* Problem details: Starting at the line that contains "Sandals thumbnail 3", please transcribe every line through the end of the entries, exactly and with no pictures.

------ Input data

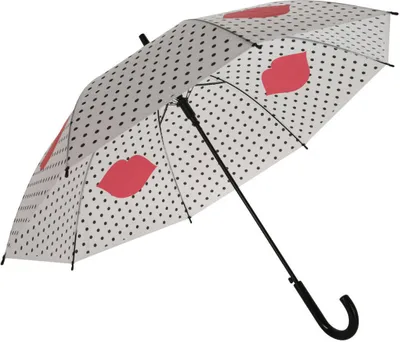 Produktbild von Großer Regenschirm, Mund-Muster, Ø 110 cm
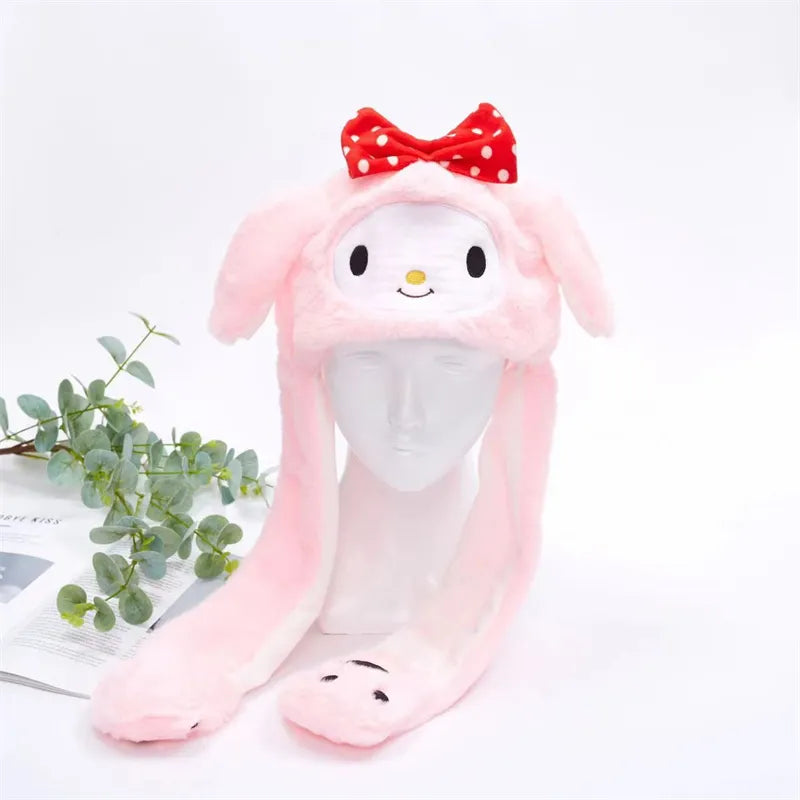Warmer Tierhut, unisex, mit beweglichen Ohren, die Freude bereiten, ideal für Kinder.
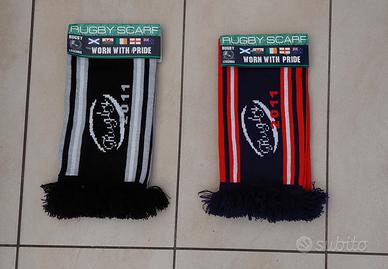 2 Sciarpe nuove mondiali di rugby 2011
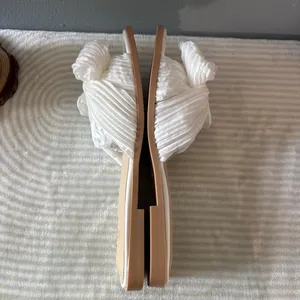 & Other Stories White Bow Sandals thumbnail 3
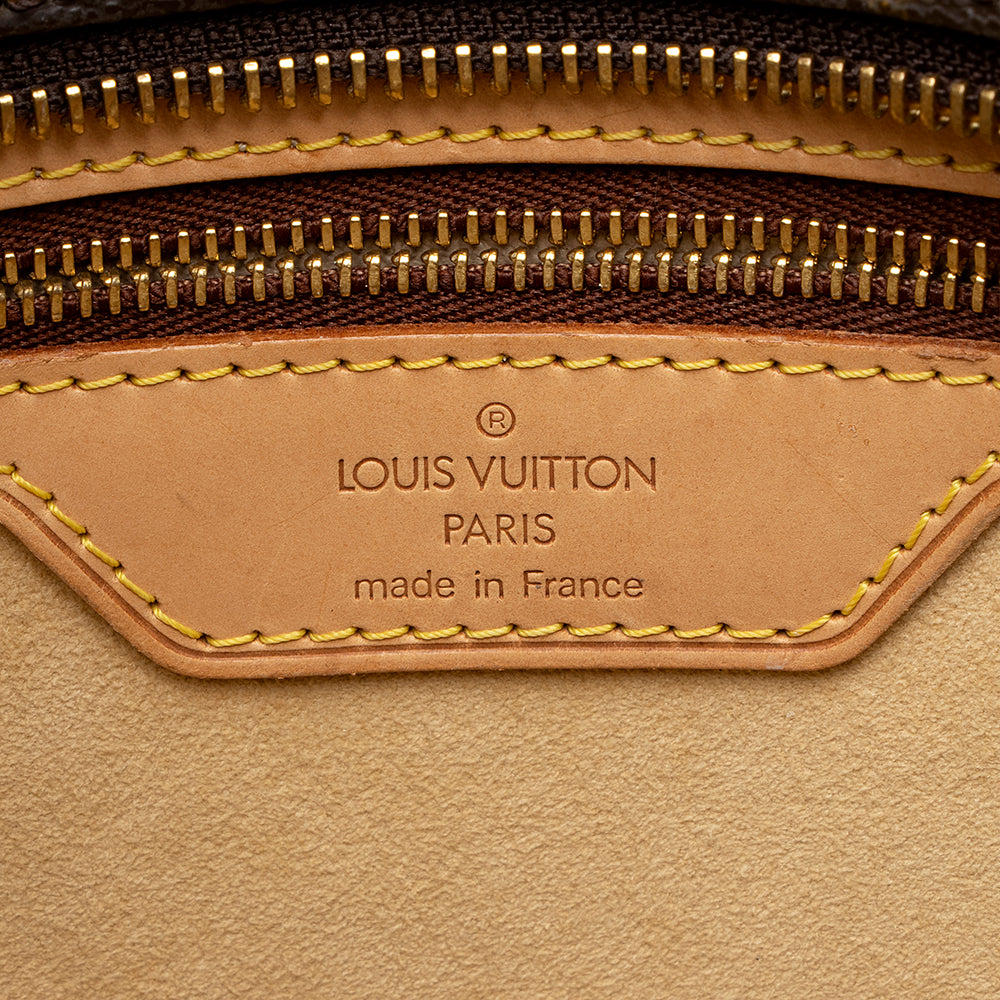 Louis Vuitton Vintage Monogram Canvas Luco Tote (SHF-21103) - Image 7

------------

* Response below:
 & Other Stories White Bow Sandals thumbnail 3
 Louis Vuitton Vintage Monogram Canvas Luco Tote (SHF-21103) - Image 7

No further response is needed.